WORK REQUIRED: Scan the data. Collect each line that contains the word "Organic".

Records contained in a dataset
══════════════════════════════
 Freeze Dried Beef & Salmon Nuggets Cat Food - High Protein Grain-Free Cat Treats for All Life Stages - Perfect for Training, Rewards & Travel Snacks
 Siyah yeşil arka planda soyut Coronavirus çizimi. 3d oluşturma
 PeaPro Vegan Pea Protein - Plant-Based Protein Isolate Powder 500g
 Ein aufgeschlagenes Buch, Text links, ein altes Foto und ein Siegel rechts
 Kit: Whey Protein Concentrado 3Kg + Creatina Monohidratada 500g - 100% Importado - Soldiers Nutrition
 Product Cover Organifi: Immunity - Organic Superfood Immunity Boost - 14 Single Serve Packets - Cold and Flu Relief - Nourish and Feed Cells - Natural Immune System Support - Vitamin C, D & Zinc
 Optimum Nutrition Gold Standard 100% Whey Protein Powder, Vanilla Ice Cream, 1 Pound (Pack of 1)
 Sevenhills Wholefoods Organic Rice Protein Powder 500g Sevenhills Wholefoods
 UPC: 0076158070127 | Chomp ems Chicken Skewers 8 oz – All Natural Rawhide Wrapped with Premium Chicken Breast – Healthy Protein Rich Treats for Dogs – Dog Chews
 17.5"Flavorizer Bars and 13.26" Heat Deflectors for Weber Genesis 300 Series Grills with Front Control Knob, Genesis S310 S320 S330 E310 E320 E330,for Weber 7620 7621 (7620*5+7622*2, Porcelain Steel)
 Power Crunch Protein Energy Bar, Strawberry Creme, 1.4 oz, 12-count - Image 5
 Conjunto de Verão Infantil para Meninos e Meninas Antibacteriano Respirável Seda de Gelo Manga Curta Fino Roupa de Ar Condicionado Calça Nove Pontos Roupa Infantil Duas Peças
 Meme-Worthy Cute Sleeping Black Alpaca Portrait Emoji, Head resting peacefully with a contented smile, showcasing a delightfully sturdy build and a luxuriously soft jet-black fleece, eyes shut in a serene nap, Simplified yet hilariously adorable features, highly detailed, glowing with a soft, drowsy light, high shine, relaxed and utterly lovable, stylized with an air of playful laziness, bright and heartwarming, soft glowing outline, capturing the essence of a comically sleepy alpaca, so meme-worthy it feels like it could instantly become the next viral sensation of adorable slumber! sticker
══════════════════════════════
EXPECTED ANSWER:
 Product Cover Organifi: Immunity - Organic Superfood Immunity Boost - 14 Single Serve Packets - Cold and Flu Relief - Nourish and Feed Cells - Natural Immune System Support - Vitamin C, D & Zinc
 Sevenhills Wholefoods Organic Rice Protein Powder 500g Sevenhills Wholefoods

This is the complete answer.